Curated + code-verified software engineering talent - syed99
https://gradberry.com/

======
iba99
Hey guys, founder here! Happy to field your questions. We moved out to Bay
Area in January of this year, and are excited to be working with startups to
curate and recommend software engineering talent. Here's how we envision the
future of recruitment: 1- Curating talent based on actual work performed: i.e.
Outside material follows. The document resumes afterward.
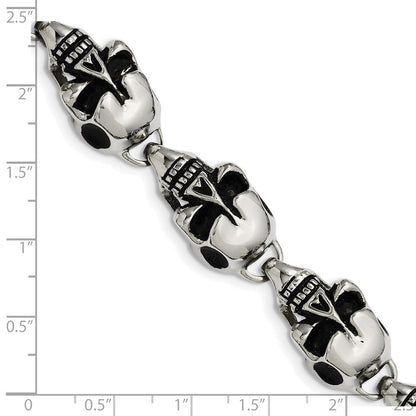 Edelstahl Chisel Antikisiert und Poliert Totenkopf Glieder 8.5 Zoll Armband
with software engineering talent, our engineers are consistently checking code
repositories on github for selected candidates, and we're building out
algorithms that can actually decipher whether the candidate can plug in to a
startup's code base as soon as they join. 2- Timed scenario-based challenges:
Our challenges will identify the "ideal" candidate for the startup by
assessing current employees at a startup, and timed scenarios determine how
quickly a candidate can -write clean code or even -make cold calls and meet
sales quotas. Our sales challenge has been able to accurately determine the
likelihood of sales performance, and candidates achieving a score of 85% or
higher have been able to achieve sales quotas. 3- Actual skills gap
assessment: We're building out a trending skill engine (in beta), that
determines which skills employers are consistently searching for. This allows
us to advise a candidate exactly WHY they aren't getting hired. For e.g. C++
or Java developers who should consider learning Python or Ruby or Marketing
graduate.